峠三吉(とうげさんきち)の「原爆詩集」より、一篇をご紹介します。
さっそく、最も有名な「序」を引用してみましょう。「原爆詩集」の最初に掲載されている「序」は「にんげんをかえせ」という題名で広く知られています。
序(にんげんをかえせ)
ちちをかえせ ははをかえせ
としよりをかえせ
こどもをかえせ
わたしをかえせ わたしにつながる
にんげんをかえせ
にんげんの にんげんのよのあるかぎり
くずれぬへいわをへいわをかえせ
すべて「ひらがな」で表記されていることが、詩としての成功をおさめています。
原爆投下と被爆という現実に起きた事件が、余りにも悲惨で生々しい。
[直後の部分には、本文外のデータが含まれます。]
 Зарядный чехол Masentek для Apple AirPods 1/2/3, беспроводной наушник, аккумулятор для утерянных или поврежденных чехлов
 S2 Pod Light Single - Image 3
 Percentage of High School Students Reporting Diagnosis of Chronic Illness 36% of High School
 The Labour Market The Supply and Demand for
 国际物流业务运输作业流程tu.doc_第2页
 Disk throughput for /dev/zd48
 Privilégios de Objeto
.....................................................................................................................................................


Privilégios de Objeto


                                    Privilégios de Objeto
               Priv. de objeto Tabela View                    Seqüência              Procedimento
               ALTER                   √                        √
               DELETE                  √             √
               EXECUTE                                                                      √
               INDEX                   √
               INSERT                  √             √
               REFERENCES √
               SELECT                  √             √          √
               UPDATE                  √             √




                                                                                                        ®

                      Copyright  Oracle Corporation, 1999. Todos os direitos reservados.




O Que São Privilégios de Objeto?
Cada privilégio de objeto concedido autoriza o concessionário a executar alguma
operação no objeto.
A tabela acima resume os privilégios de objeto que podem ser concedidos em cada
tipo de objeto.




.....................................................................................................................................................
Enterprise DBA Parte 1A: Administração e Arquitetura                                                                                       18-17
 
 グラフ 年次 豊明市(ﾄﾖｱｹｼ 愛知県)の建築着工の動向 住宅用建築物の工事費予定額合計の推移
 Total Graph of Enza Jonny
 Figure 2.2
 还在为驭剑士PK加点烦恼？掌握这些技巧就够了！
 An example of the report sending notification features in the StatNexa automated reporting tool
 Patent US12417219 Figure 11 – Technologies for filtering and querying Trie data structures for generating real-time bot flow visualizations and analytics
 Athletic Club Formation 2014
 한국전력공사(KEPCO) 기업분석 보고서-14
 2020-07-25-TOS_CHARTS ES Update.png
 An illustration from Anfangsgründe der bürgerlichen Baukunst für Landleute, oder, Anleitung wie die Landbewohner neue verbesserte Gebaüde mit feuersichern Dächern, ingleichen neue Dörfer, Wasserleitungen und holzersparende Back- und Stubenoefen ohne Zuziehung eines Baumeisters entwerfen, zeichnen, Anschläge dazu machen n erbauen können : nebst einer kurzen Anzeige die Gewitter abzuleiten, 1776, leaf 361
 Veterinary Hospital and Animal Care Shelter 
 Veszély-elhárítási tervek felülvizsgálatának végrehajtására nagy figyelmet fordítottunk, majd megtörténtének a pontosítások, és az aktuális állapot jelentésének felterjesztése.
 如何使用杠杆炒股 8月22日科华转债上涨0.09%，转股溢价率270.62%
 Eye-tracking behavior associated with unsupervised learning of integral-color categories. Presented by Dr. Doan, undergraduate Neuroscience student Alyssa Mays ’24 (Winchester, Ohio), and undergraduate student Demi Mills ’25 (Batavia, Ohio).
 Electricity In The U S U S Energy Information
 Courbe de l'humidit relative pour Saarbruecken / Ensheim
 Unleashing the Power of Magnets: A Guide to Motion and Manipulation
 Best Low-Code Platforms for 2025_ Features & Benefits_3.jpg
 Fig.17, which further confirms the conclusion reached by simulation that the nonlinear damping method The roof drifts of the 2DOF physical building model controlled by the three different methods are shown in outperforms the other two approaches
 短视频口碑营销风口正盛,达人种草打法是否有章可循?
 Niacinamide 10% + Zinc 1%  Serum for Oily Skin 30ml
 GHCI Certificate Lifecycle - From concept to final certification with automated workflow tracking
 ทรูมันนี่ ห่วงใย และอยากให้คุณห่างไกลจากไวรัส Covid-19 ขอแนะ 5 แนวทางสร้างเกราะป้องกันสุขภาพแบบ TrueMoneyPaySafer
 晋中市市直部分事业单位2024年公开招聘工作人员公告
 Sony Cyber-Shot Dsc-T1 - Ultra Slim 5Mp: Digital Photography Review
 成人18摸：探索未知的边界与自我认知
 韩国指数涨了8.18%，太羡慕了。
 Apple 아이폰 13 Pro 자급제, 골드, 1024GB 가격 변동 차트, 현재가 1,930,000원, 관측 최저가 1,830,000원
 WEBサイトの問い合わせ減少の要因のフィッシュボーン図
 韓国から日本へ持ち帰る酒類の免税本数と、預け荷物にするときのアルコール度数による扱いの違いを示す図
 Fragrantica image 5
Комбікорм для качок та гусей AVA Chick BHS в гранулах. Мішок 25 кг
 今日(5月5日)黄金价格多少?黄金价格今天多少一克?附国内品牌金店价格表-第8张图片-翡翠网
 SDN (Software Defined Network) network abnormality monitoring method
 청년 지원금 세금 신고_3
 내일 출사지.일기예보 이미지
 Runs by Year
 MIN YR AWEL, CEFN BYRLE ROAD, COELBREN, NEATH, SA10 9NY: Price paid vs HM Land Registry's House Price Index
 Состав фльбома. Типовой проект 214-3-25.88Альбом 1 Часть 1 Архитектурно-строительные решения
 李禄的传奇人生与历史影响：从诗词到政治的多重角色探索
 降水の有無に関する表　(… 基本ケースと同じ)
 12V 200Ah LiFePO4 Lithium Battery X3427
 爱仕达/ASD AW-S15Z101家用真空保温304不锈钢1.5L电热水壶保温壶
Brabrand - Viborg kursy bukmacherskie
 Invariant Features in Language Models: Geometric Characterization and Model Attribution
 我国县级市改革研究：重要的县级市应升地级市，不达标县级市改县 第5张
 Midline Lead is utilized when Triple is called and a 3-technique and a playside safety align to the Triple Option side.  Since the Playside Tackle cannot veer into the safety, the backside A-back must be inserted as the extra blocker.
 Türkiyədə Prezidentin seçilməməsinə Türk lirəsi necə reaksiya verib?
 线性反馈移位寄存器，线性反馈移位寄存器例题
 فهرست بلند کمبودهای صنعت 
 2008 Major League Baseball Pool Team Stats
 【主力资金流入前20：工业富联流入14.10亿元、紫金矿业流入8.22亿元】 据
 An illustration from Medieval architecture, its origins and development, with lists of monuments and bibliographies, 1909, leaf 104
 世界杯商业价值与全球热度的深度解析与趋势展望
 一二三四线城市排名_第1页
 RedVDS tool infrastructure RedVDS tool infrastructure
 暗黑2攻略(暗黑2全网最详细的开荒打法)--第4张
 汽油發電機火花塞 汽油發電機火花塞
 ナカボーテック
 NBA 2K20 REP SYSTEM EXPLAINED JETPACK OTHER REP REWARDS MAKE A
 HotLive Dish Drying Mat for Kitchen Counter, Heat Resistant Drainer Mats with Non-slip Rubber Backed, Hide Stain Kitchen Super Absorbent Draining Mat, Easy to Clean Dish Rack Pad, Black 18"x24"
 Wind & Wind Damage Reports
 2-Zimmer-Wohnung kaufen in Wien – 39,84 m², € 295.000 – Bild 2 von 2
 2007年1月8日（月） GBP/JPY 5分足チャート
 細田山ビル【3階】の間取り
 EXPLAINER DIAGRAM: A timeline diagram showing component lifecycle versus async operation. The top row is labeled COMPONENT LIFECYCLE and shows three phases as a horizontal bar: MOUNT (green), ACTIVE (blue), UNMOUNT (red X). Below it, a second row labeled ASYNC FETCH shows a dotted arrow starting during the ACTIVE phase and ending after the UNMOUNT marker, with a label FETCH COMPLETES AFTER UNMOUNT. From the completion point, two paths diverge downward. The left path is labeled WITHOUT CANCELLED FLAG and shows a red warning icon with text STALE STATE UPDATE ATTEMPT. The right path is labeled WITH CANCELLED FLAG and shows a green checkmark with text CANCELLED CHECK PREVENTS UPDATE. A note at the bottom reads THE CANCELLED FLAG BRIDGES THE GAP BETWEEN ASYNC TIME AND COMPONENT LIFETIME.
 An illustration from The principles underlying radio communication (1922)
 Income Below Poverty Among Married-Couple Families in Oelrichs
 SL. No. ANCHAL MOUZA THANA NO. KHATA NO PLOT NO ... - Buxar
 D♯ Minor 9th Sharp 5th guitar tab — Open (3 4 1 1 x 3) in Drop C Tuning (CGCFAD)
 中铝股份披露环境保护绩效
リアルな描写は不可能である。そこで「ひらがな」で書くことにより、一つの事件を人間の真実を、客観化かつ普遍化し得ているから……。
峠三吉のプロフィール
峠三吉は1917年(大正6年)2月19日生まれ、1953年(昭和28年)3月10日)に没。日本の詩人。本名は、三吉(みつよし)。
幼い頃から気管支の病気に苦しめられしばしば喀血した。広島商業学校(現在の広島県立広島商業高校)在学時から詩作にいそしむ。卒業後は長期の療養生活を余儀なくされた。
1945年(昭和20年)8月6日、爆心地より3kmの広島市翠町(現在の南区翠)で被爆。
1951年(昭和26年)には「にんげんをかえせ」で始まる『原爆詩集』を自費出版し、原爆被害を告発しその体験を広めた。
36歳で死去。被爆から8年後のことである。